> [ACTION ITEM]
Can the lines below, from the one that holds "có nên thiết kế thi công cùng một đơn vị" to the very end, be echoed exactly, with both ends included and no pictures?
═══ SOURCE DATA ═══
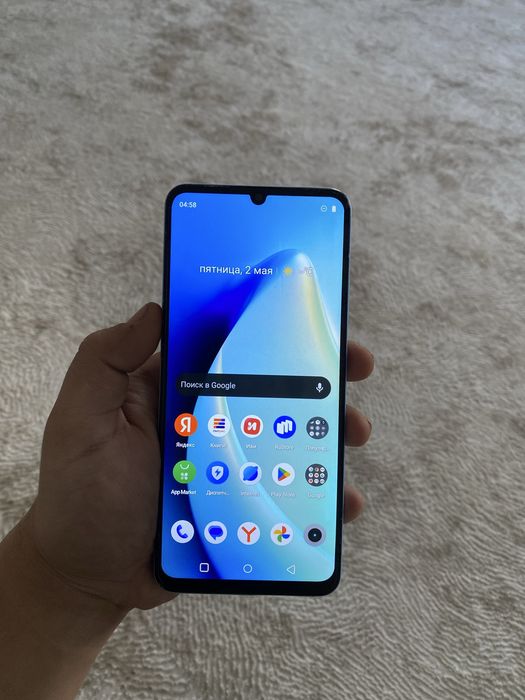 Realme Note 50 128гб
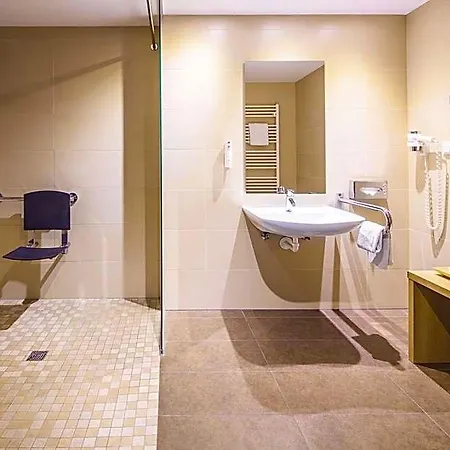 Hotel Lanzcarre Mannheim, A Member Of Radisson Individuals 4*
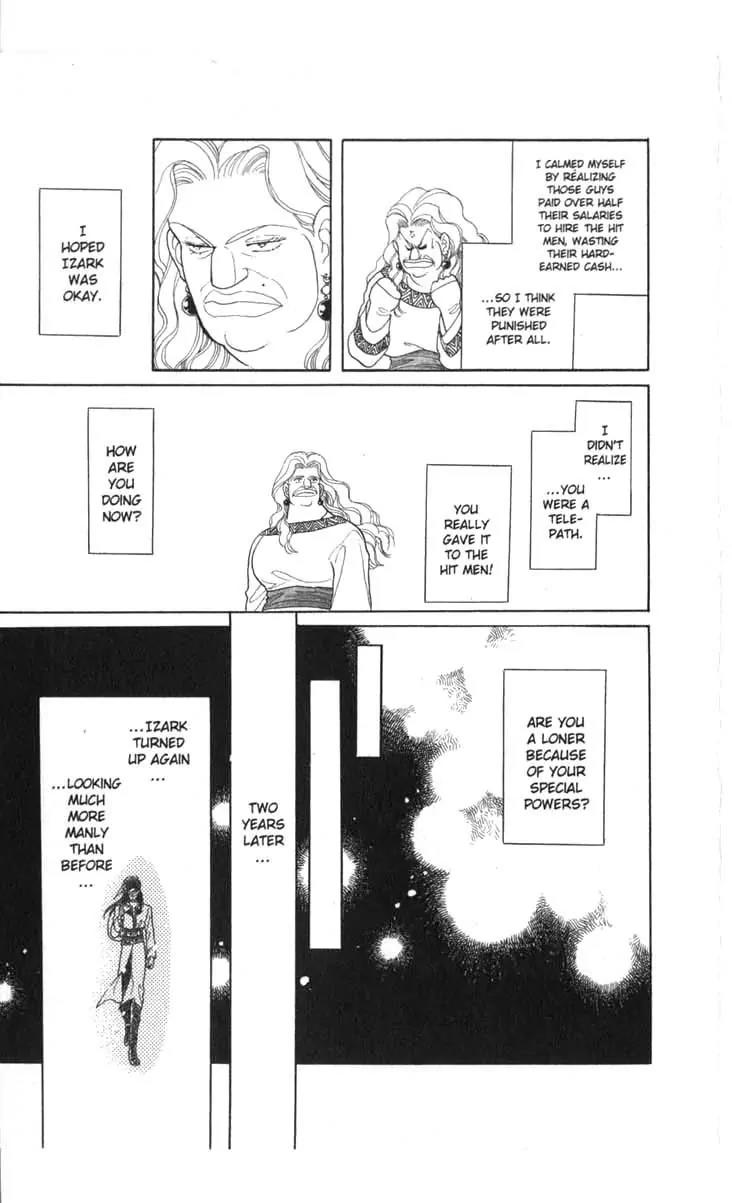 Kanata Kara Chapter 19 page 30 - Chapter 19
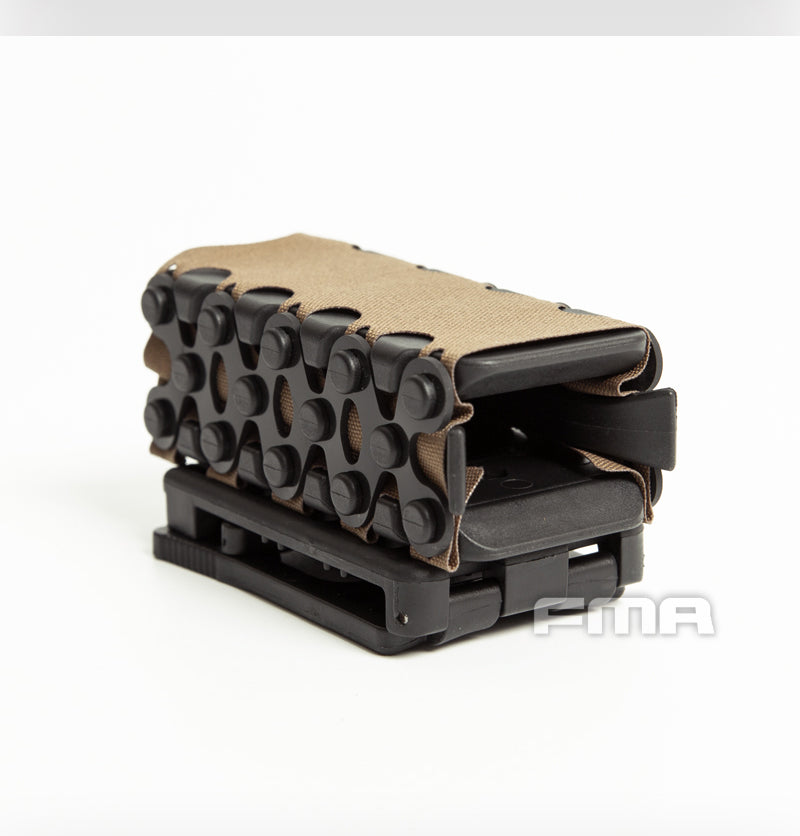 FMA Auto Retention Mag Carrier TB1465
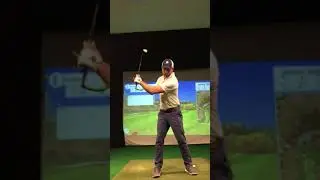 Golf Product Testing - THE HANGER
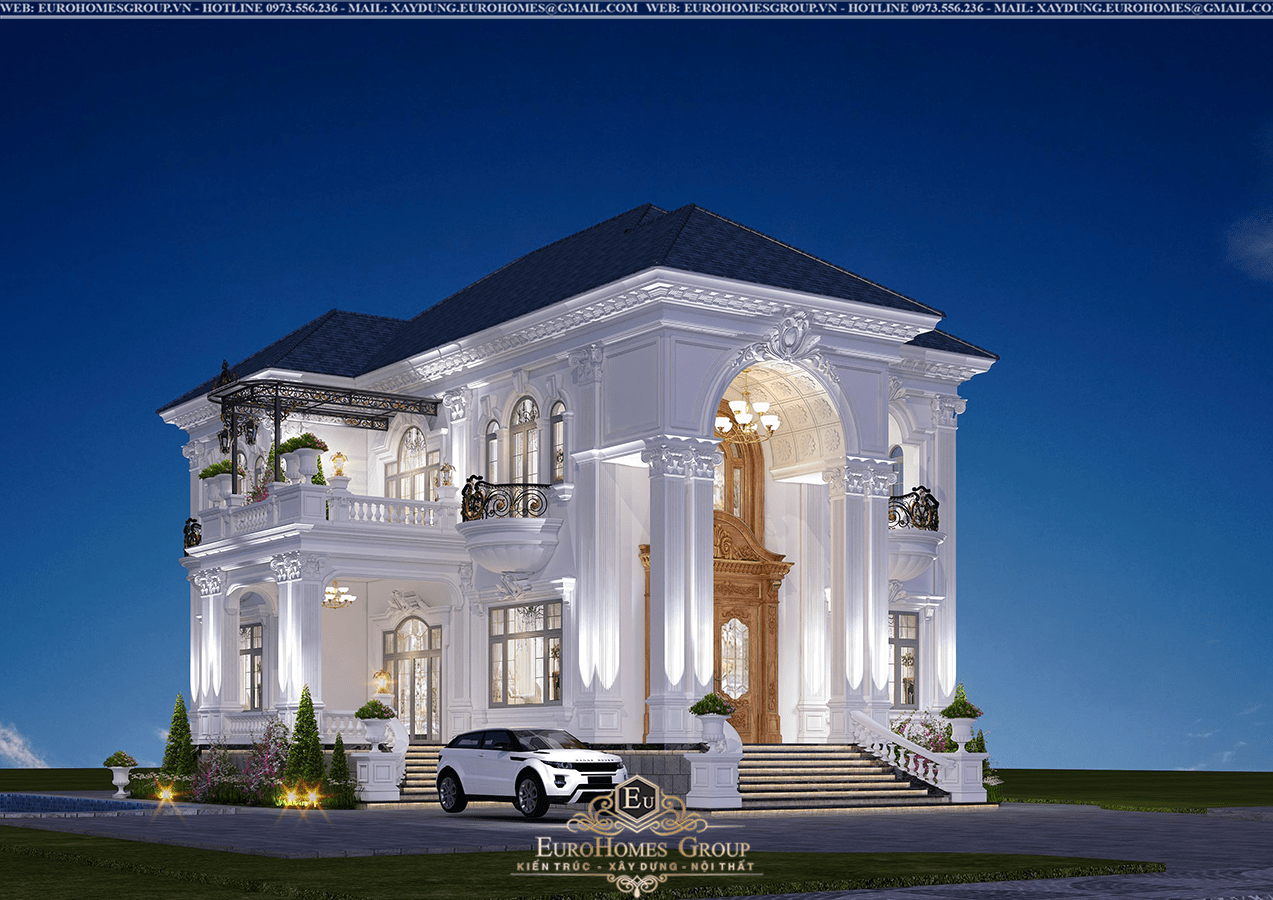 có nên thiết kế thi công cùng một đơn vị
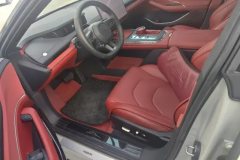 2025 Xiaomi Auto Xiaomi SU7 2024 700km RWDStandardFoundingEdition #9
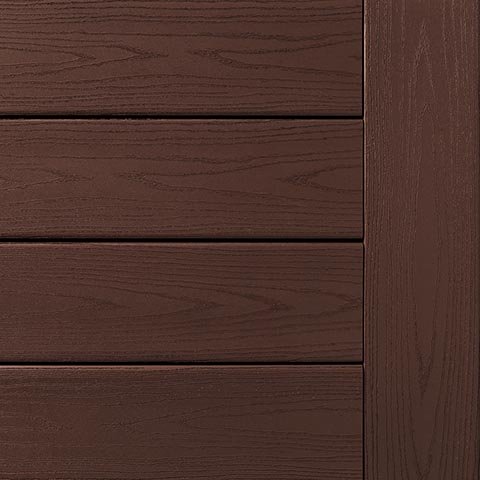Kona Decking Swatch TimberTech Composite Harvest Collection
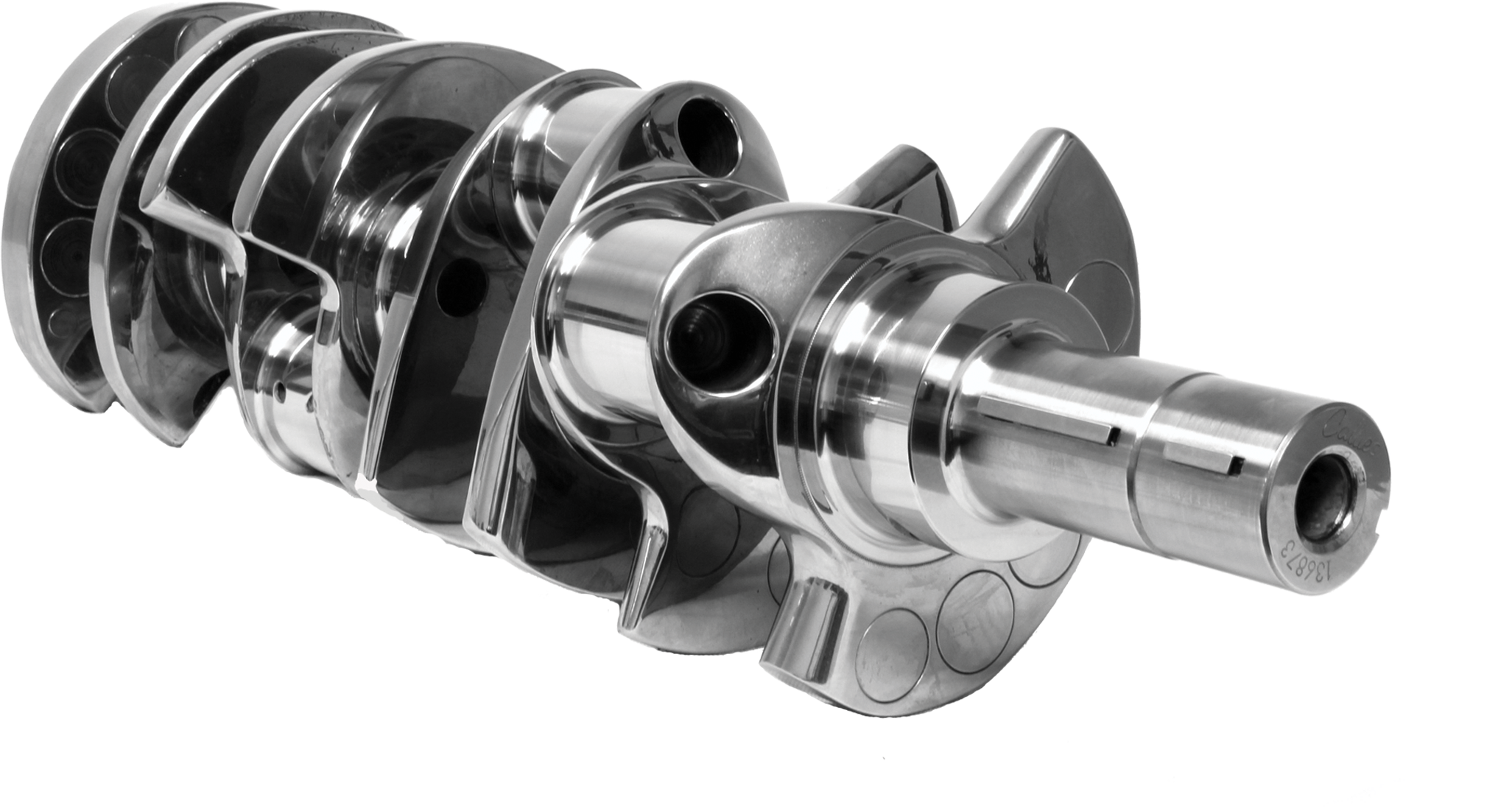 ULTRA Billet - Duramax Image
═══
> [RESULT]
 có nên thiết kế thi công cùng một đơn vị
 2025 Xiaomi Auto Xiaomi SU7 2024 700km RWDStandardFoundingEdition #9
Kona Decking Swatch TimberTech Composite Harvest Collection
 ULTRA Billet - Duramax Image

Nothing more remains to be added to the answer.